It was clear over two years ago already that Intel was going to gradually transfer the chipset functions into the CPUs. The first CPUs on Nehalem microarchitecture – Bloomfield – acquired an integrated memory controller. The next generation, Lynnfield, also got a PCI Express bus controller, besides the memory one. After that Clarkdale processors also received an integrated graphics core, which, however, was implemented in the individual semiconductor die inside the processor package. Sandy Bridge dots the final “I” in this integration process: the CPUs built on the new microarchitecture will have everything integrated into a single chip: processor cores, graphics core, memory controller and PCI Express bus controller.

Sandy Bridge semiconductor dies will be about 225 mm2. It means that this die will be even smaller than the die of quad-core Bloomfield or Lynnfield, or even the six-core Gulftown CPUs due to finest 32 nm production process.

Sandy Bridge offers no compromises when it comes to features. The CPUs will consist of two or four processor cores with Hyper-Threading support, up to 8 MB of L3 cache-memory, a dual-channel DDR3 memory controller, will support 16 PCI Express 2.0 lanes and feature a modern DirectX 10.1 graphics core. In other words, new generation processors have everything it takes to conquer different market segments, including the high-end ones.

The overwhelming integration in Sandy Bridge microarchitecture inspired other significant improvements. The microarchitecture of the computational cores has been seriously modified, and these improvements will ensure that the new processors run considerably faster than their predecessors working at the same clock speeds. They have also worked on lowering the heat dissipation, so Sandy Bridge CPUs will be able to work at simply higher clock rates. Moreover, the new processors support new AVX instructions (Advanced Vector Extensions), which will be required for a number of multimedia, financial or scientific algorithms. AVX differ from the previous SSE vector instruction sets by higher operand width (256 bit instead of 128 bit), so they will allow processing larger amounts of data at a lower resource expense. Therefore, Sandy Bridge can be considered a significant step forward in a few directions at the same time, which gives us every reason to speak very highly of this promising product.

By launching Sandy Bridge early next year, Intel expects these processors to quickly conquer most of the market price segments. In the very beginning of the next year they will offer a wide range of Core i3, Core i5 and Core i7 processors on the new microarchitecture with the prices from $100 to $300. And later in 2011 they will also introduce even less expensive modifications.

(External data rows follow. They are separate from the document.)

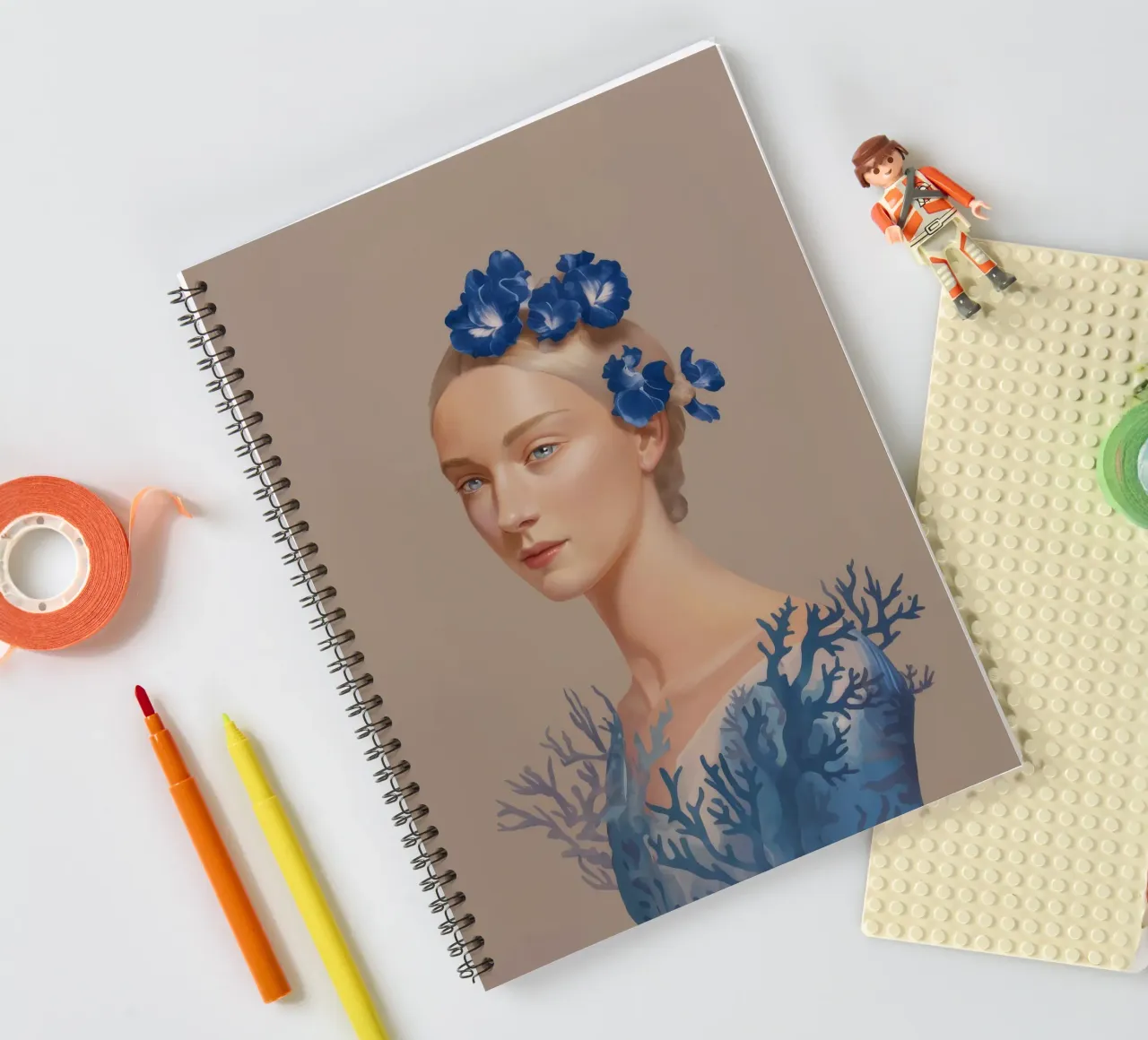 Azure Bloom Profile spiral notebook by Vivid Reverie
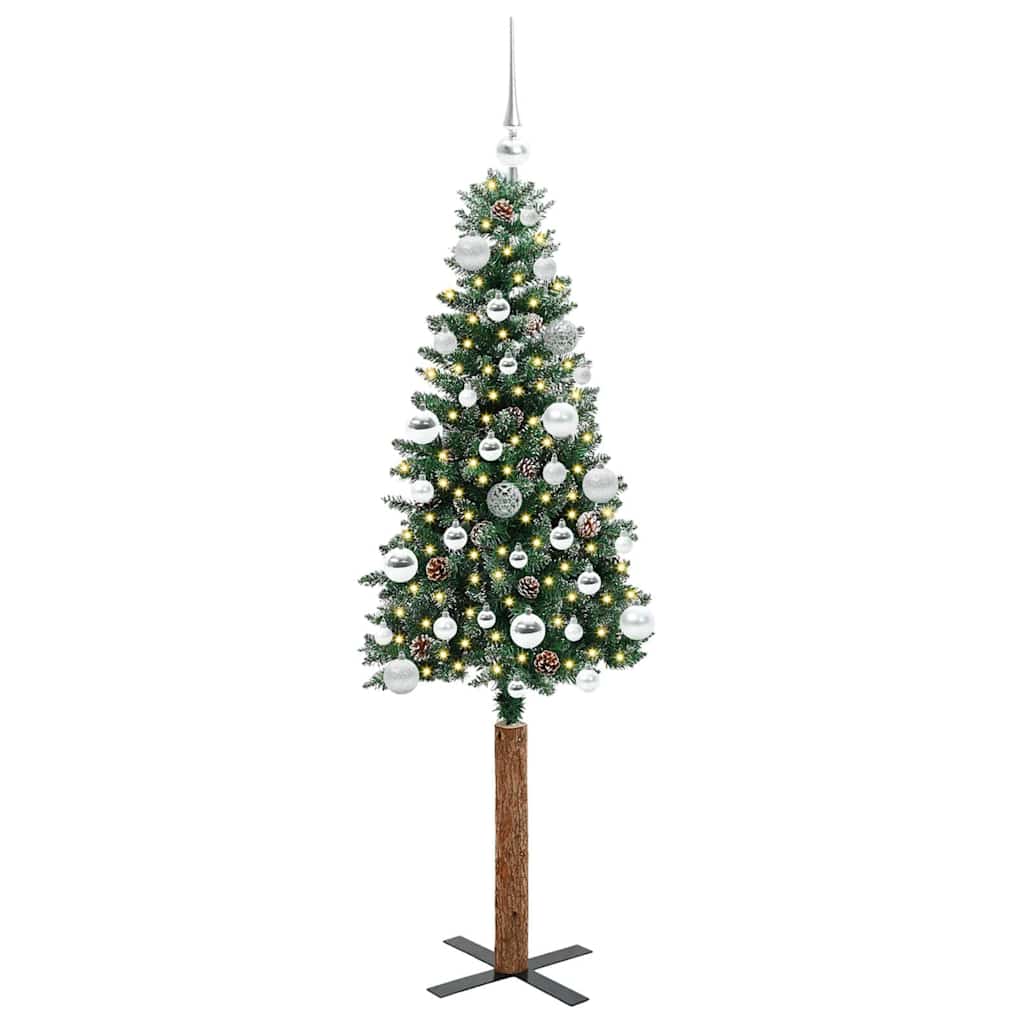 Vidaxl slanke kerstboom groen 150 cm pvc en massief dennenhout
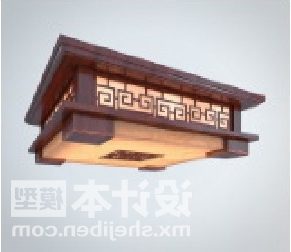 Lampada da soffitto cinese con intaglio in legno quadrato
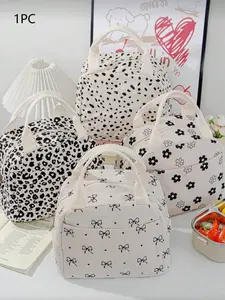 Bow flower polka dot Leopard portable lunch bag, simple and stylish portable insulated lunch box, office worker student party meal bag, niche design personality classic Joker suitable for daily commuting,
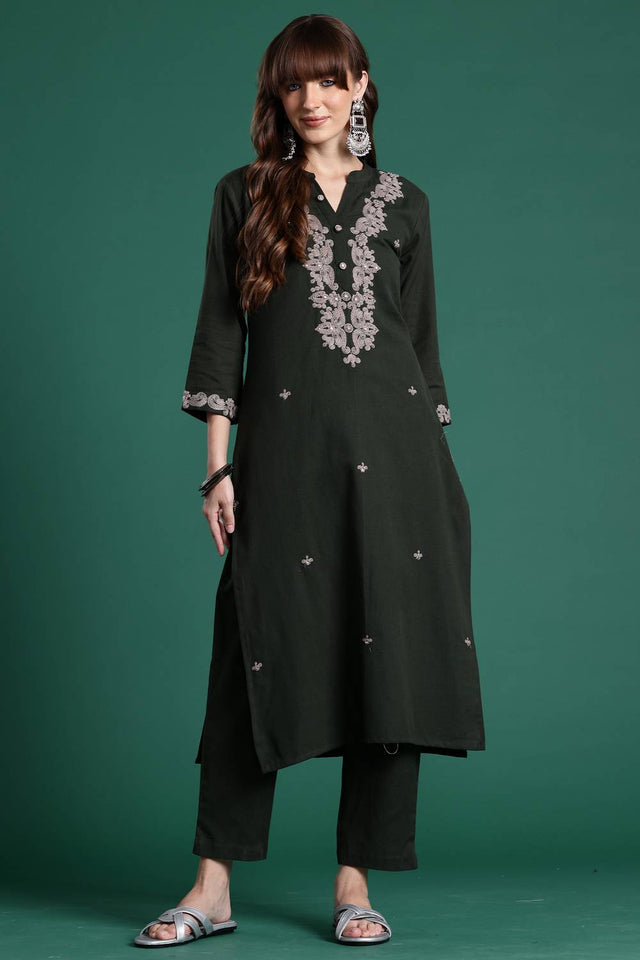 Green Embroidered Cotton Kurti Pant Set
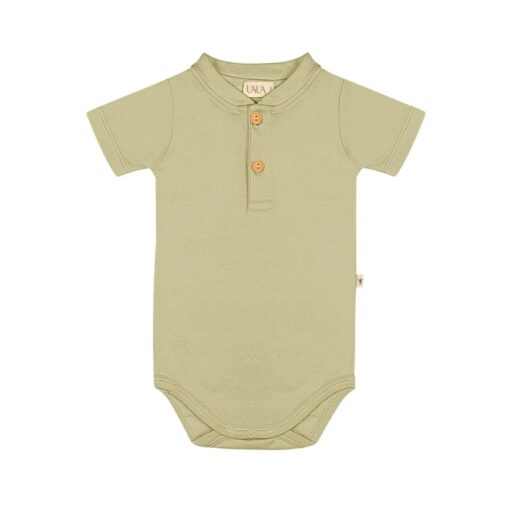 Onesie with buttons short sleeve - VERDE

The existing information suggests that the first group of Sandy Bridge based processors should be announced on January 5, 2011, and they should hit the stores by January 9. On that day the company is planning to include the following new quad-core desktop CPU models into their price list:

Note that in addition to the processor models mentioned in the table above, there will also appear corresponding mobile and energy-efficient CPU modifications based on Sandy Bridge microarchitecture. While desktop processors are certainly our primary focus, we could also tell you about the following Sandy Bridge based CPUs with 65 W, 45 W and 35 W TDP that will be coming out on January 5:

So, the only price range that will still be occupied by Nehalem processors over the next year is the expensive LGA1366 CPUs, such as Bloomfield and Gulftown. They will most likely be replaced no sooner than by the end of 2011, when Intel adapts for desktops their LGA2011 server platform accordingly. Special “loaded” Sandy Bridge E modifications offered as part of this platform will boast up to eight computational cores, 16 MB L3 cache, quad-channel memory controller, 32 PCI Express 2.0 lanes, and other sweet little things that we can currently only dream of. However, this is something that will happen farther down the road. The first Sandy Bridge version will become the basis for a more down-to-earth, but still very new platform.

Although Sandy Bridge didn’t acquire any completely new units compared to Clarkdale, the new generation processors will come to the market as part of the LGA1155 platform. Unfortunately, it is incompatible with LGA1156, so new processors will require new mainboards with special processor socket.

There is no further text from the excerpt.